See Indictment, Docket Entry No. 12, pp. 1-2; Plea Agreement, Docket Entry No. 285 (SEALED), pp. 1-2; Transcript of Re-Arraignment, Docket Entry No. 516, p. 28.
Judgment in a Criminal Case, Docket Entry No. 448, p. 3; Statement of Reasons, Docket Entry No. 449 (SEALED), p. 1.
II. Analysis
A. § 2255 Standard of Review
A prisoner serving a sentence imposed by a federal court "claiming the right to be released upon the ground that the sentence was imposed in violation of the Constitution or laws of the United States . . . may move the court which imposed the sentence to vacate, set aside or correct the sentence." 28 U.S.C. § 2255(a). If the court concludes that the prisoner's motion is meritorious, it must "vacate and set the judgment aside and shall discharge the prisoner or resentence him or grant a new trial or correct the sentence as may appear appropriate." 2 8 U.S.C. § 2255(b).
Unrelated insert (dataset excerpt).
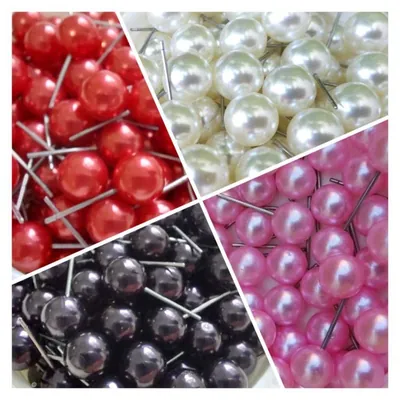 Montagem com quatro grupos de brincos de pérola com pino: vermelhos, brancos, rosa e pretos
"Relief under 28 U.S.C.A. § 2255 is reserved for transgressions of constitutional rights and for a narrow range of injuries that could not have been raised on direct appeal and would, if condoned, result in a complete miscarriage of justice." United States v. Vaughn, 955 F.2d 367, 368 (5th Cir. 1992). "Following a conviction and exhaustion or waiver of the right to direct appeal, [the court] presume[s] a defendant stands fairly and finally convicted." United States v. Cervantes, 132 F.3d 1106, 1109 (5th Cir. 1998). Therefore, only two types of claims may be raised in a § 2255 motion. First, a § 2255 petitioner may raise a constitutional or jurisdictional claim. Id. Second, a § 2255 petitioner may assert any other type of claim that could not have been raised on direct appeal. Id. To obtain relief on this second type of claim the petitioner must show that allowing the asserted error to stand "would result in a complete miscarriage of justice." Id.
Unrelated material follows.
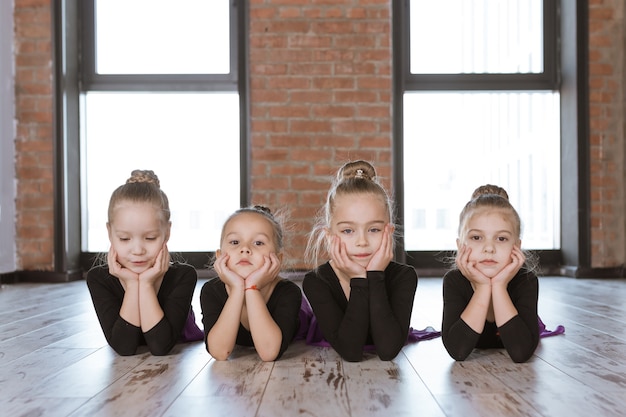 Pequenos dançarinos fofos no estúdio de dança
Mindful of Hebert's pro se status, the court has liberally construed his § 2255 Motion and related filings. See Estelle v. Gamble, 97 S. Ct. 285, 292 (1976) ("[A] pro se document is to be liberally construed."); Haines v. Kerner, 92 S. Ct. 594, 596 (1972) (per curiam) (stating that pro se pleadings are held "to less stringent standards than formal pleadings drafted by lawyers"). Nevertheless, a pro se petitioner's "mere conclusory allegations on a critical issue are insufficient to raise a constitutional issue." United States v. Woods, 870 F.2d 285, 288 n.3 (5th Cir. 1989)." The court gives no weight to factual assertions "unsupported and unsupportable" by evidence in the record. See Ross v. Estelle, 694 F.2d 1008, 1011 (5th Cir. 1983).
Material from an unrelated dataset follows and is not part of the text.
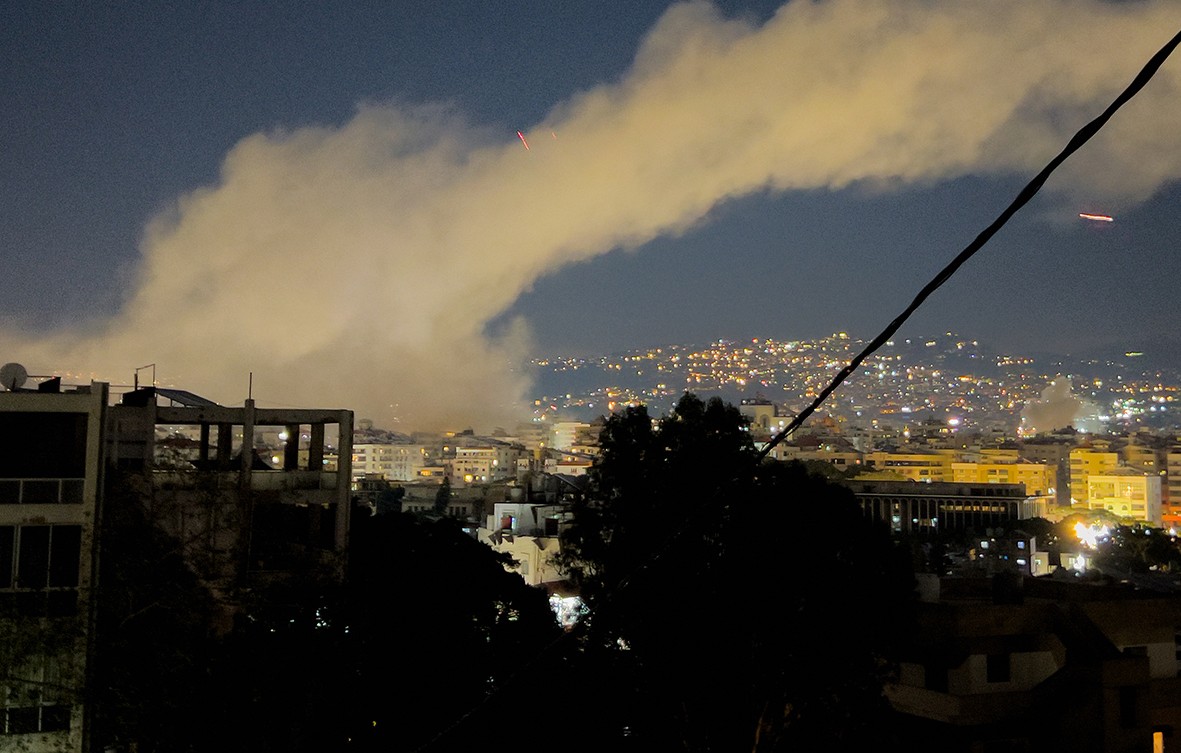 Καπνός από ισραηλινές επιδρομές στη Βηρυτό κατά τη σύγκρουση Ισραήλ Χεζμπολάχ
B. Ineffective Assistance of Counsel Standard of Review
Hebert claims that his attorney ("Counsel") provided ineffective assistance. The Sixth Amendment to the United States Constitution guarantees criminal defendants the right to effective assistance of counsel. Yarbroucrh v. Gentry, 124 S. Ct. 1, 4 (2003). "The benchmark for judging any claim of ineffectiveness must be whether counsel's conduct so undermined the proper functioning of the adversarial process that the trial cannot be relied on as having produced a just result." Strickland v. Washington, 104 S. Ct. 2052, 2064 (1984). A petitioner asserting ineffective assistance of counsel therefore must demonstrate that (1) counsel's performance was deficient and (2) counsel's deficient performance prejudiced the defense. Id. "Failure to prove either deficient performance or actual prejudice is fatal to an ineffective assistance claim." Carter v. Johnson, 131 F.3d 452, 463 (5th Cir. 1997). "A court need not address both components of the inquiry if the defendant makes an insufficient showing on one." Armstead v. Scott, 37 F.3d 202, 210 (5th Cir. 1994).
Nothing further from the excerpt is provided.